Alec Baldwin charged with involuntary manslaughter in fatal ‘Rust’ shooting: district attorney. Live ammunition on the set that shouldn’t have been there, ammunition not checked for live rounds (Why wasn’t the gun empty for practice scenes?), the mysterious single-action .45 that required no trigger pull, failed to hold in the full cock position and the safety notch failed, allowing it to fire.
Note: We have an old single-action (non-transfer bar) pistol. I just checked it. With the hammer back it holds unless the trigger is pulled. If you hold the hammer with your thumb, pull the trigger, quickly release the trigger and continue letting the hammer down the hammer is stopped by the safety notch unless the trigger is pulled. So, even if the hammer failed to engage the full cock notch and went down when released – if the trigger wasn’t pulled the safety notch should have stopped the hammer.
Draw your own conclusions. We suppose the gun could have been defective, which takes us back to: why was it on the set?
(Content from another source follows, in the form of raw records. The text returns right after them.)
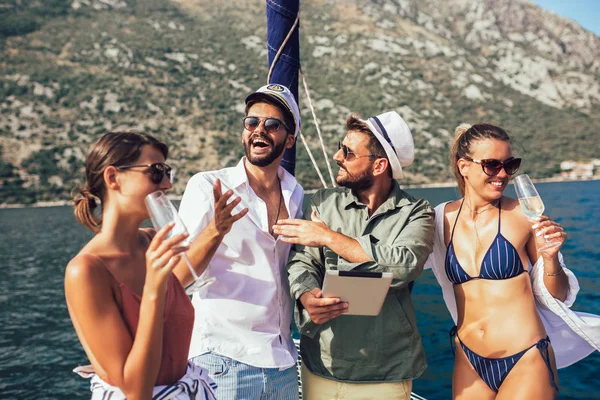 Dijital tablet kullanarak yatta yelken gülümseyen arkadaşlar. Tatil,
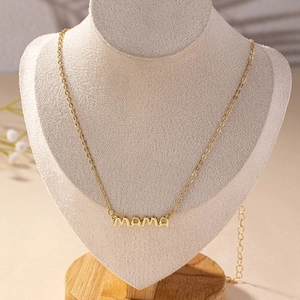 Elegant gold MAMA letter necklace on jewelry bust featuring a polished finish chain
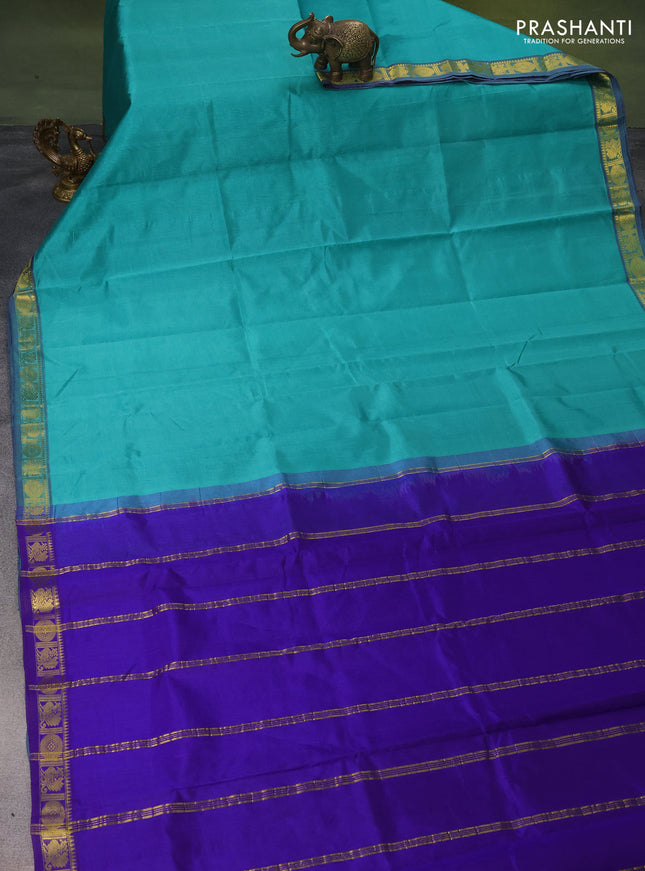 Silk cotton saree teal green and blue with plain body and zari woven border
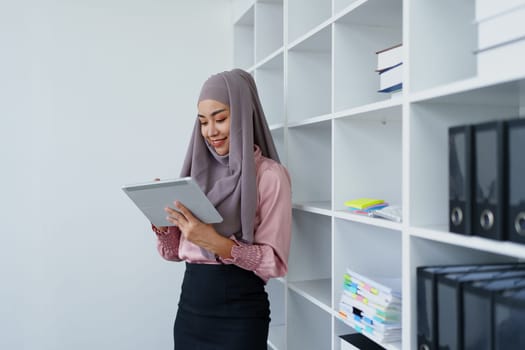 Female Muslim employee uses tablet to work at office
Here’s an update from Daily Mail with more details and it includes the FBI report.
Alec Baldwin was charged with two counts of involuntary manslaughter in the death of Halyna Hutchins.
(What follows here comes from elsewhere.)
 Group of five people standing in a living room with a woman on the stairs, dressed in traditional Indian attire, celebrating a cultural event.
Hannah Gutierrez-Reed, who was the armorer on the film ‘Rust,’ was also charged with two counts of involuntary manslaughter.
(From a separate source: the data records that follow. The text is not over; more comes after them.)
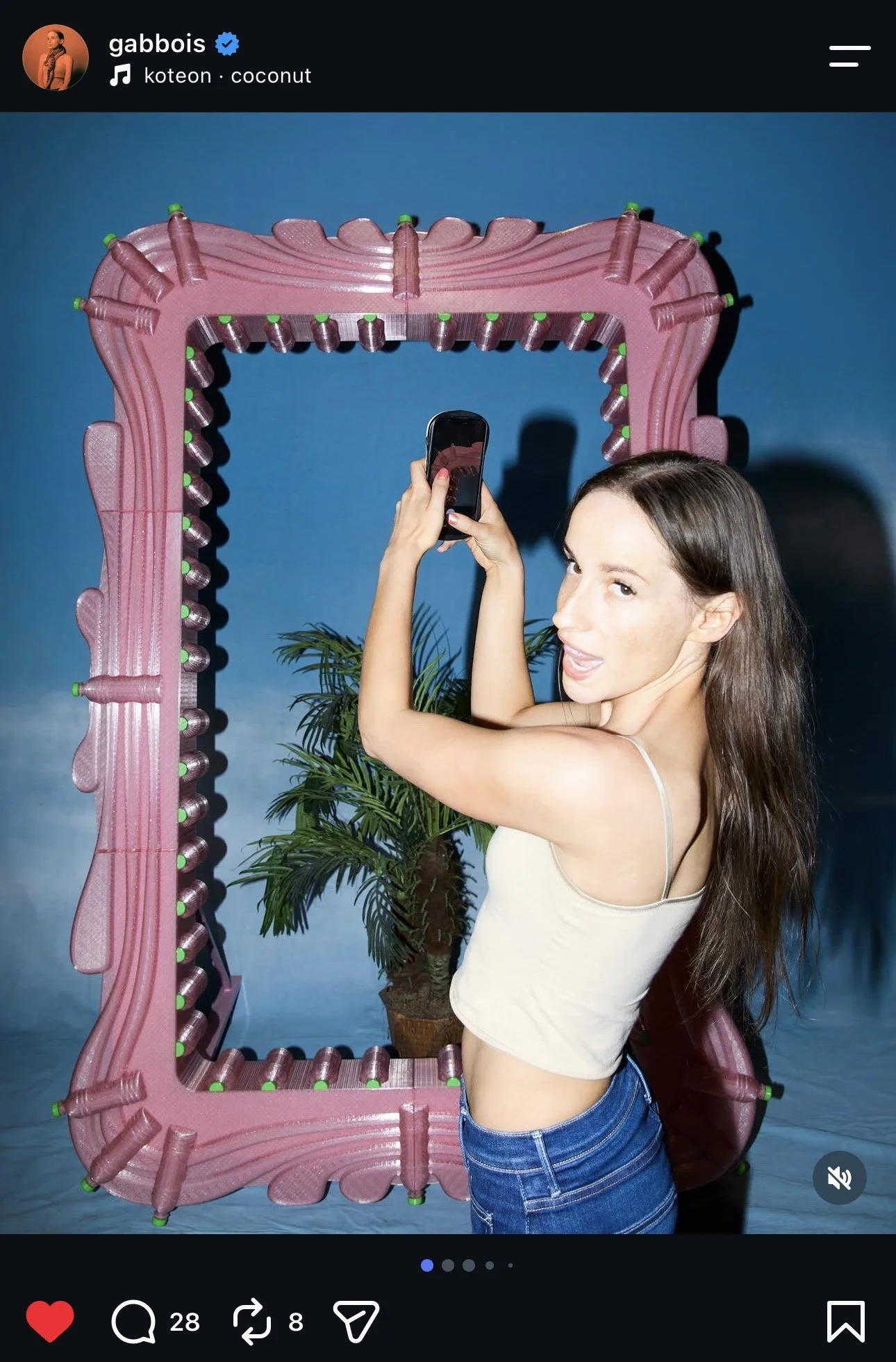 Gabbois Posing with Pink Bottle Art Installation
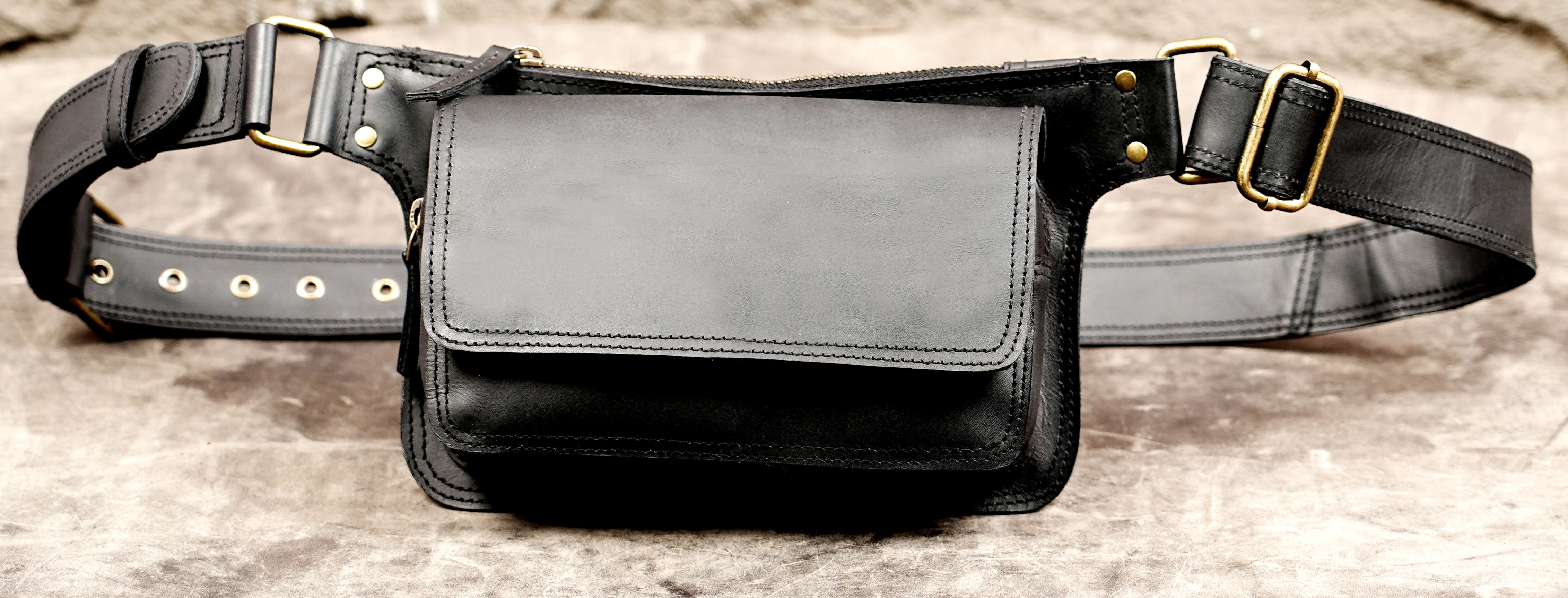 Black leather waist pouch with vintage antique brass details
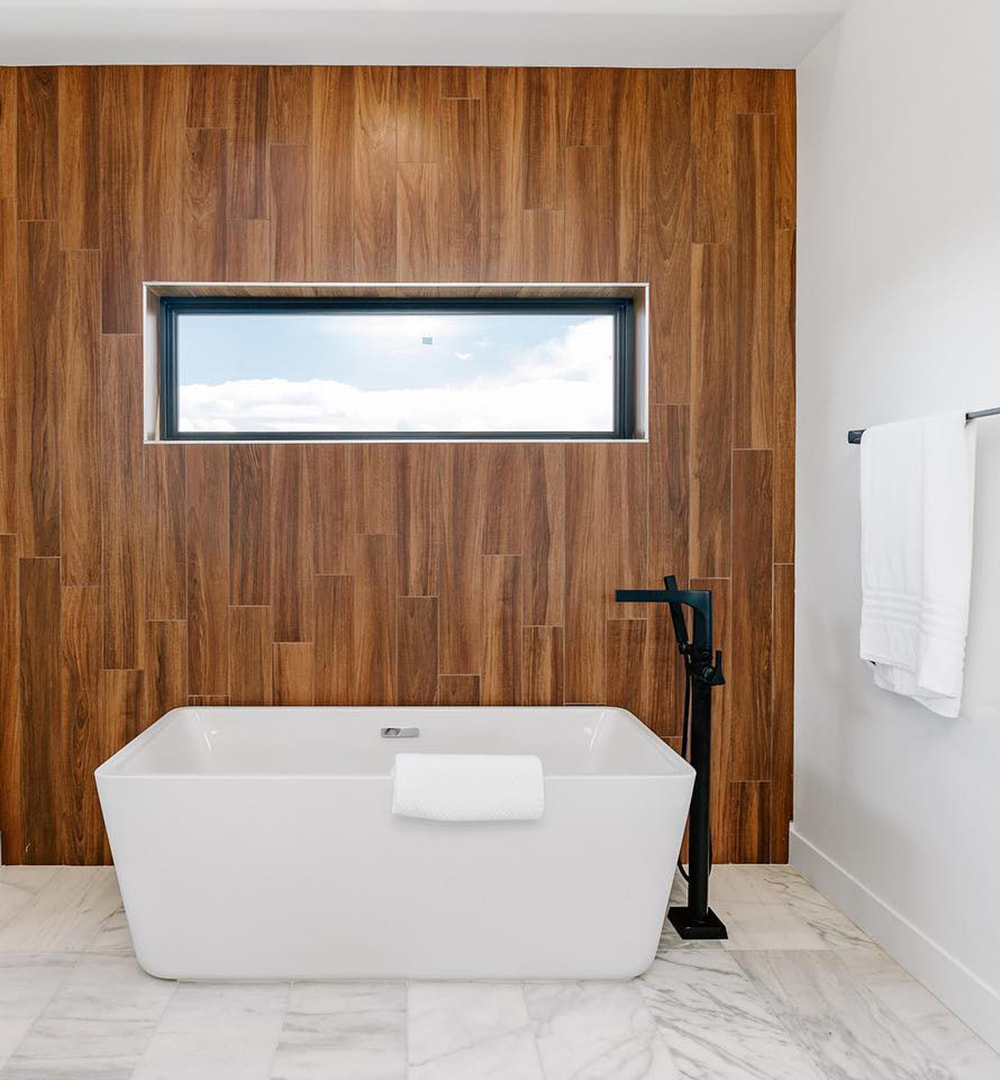 Picture Window on Wood Accent Wall Suggests Feel of an At-Home Spa | Pella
Halls allegedly handed Baldwin a .45 revolver, telling him that it was “cold,” or safe. Prior to that, Gutierrez-Reed spun the cylinder to show Halls what was in the gun, her lawyer said.
Baldwin has maintained that he did not pull the trigger of the gun – once during a prime-time interview shortly following the deadly shooting and again on a podcast episode. The actor originally said he had pulled the hammer of the gun back as far as he could and released it, but did not pull the trigger.